> [SUPPLIED ENTRIES]:
┌────────

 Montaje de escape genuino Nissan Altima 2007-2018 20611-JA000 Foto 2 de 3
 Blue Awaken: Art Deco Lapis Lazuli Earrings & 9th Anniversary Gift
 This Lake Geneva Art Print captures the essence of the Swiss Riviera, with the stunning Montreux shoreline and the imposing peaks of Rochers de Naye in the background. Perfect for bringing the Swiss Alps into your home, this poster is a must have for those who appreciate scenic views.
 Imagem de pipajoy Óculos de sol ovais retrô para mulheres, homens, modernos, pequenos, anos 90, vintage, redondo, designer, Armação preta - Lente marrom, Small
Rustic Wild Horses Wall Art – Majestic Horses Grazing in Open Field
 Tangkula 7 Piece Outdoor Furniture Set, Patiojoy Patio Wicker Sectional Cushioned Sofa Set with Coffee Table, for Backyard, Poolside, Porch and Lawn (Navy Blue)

└────────
┌────────

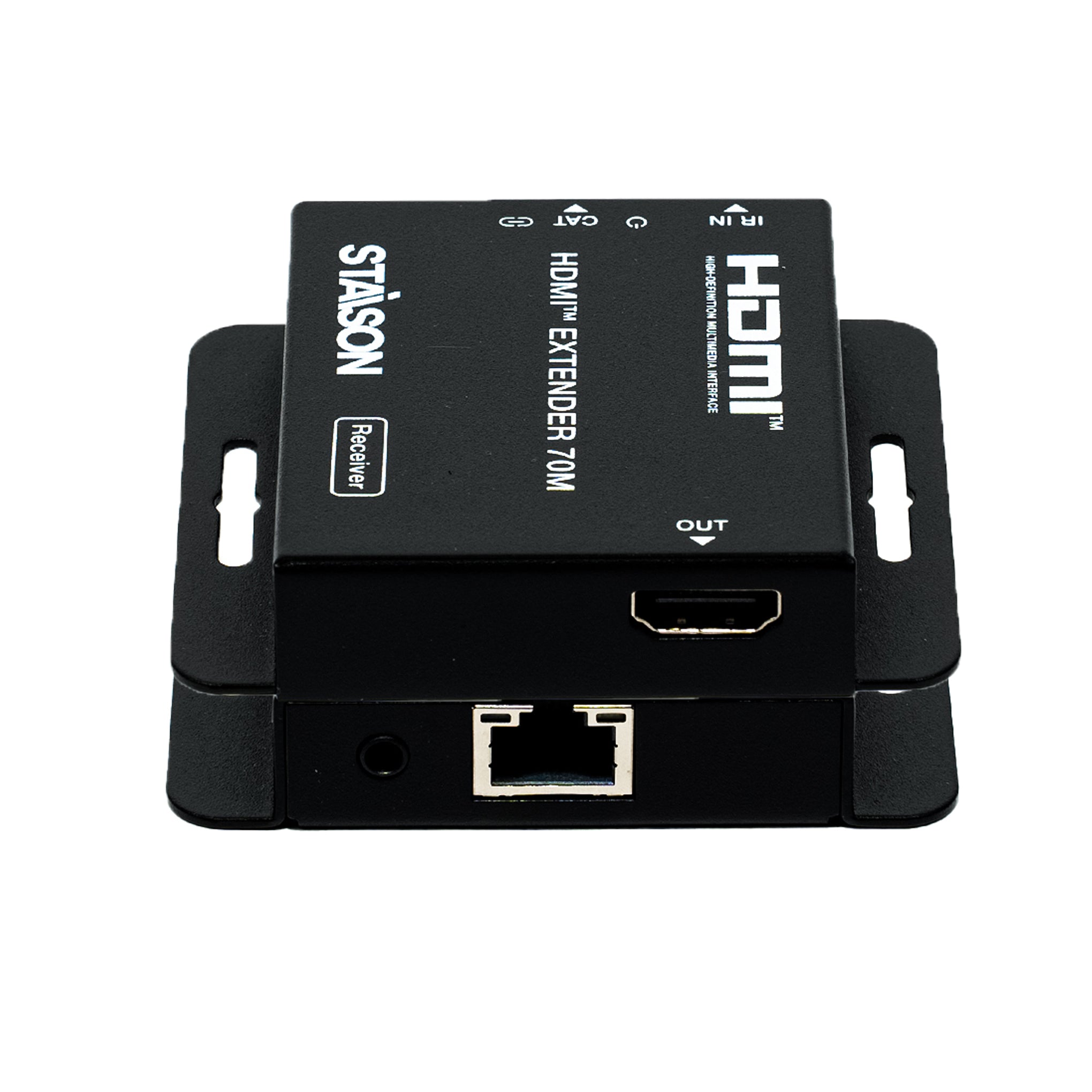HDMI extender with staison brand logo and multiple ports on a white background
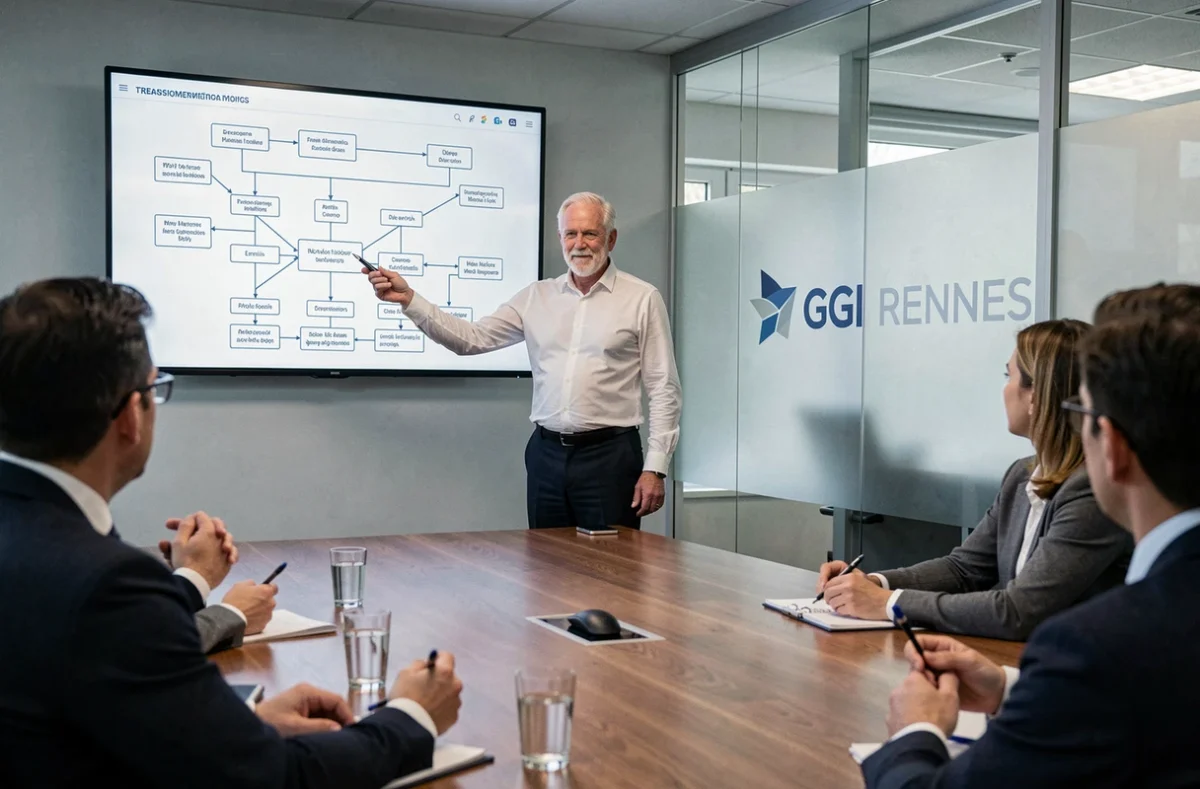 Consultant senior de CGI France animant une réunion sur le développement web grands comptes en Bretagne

└────────

> [THE PROBLEM]: Restate word for word the lines of the data above, starting at the line containing "Blue Awaken: Art" and ending at the line containing "Imagem de pipajoy", both included, and nothing more.

> [EXPECTED OUTPUT]:
 Blue Awaken: Art Deco Lapis Lazuli Earrings & 9th Anniversary Gift
 This Lake Geneva Art Print captures the essence of the Swiss Riviera, with the stunning Montreux shoreline and the imposing peaks of Rochers de Naye in the background. Perfect for bringing the Swiss Alps into your home, this poster is a must have for those who appreciate scenic views.
 Imagem de pipajoy Óculos de sol ovais retrô para mulheres, homens, modernos, pequenos, anos 90, vintage, redondo, designer, Armação preta - Lente marrom, Small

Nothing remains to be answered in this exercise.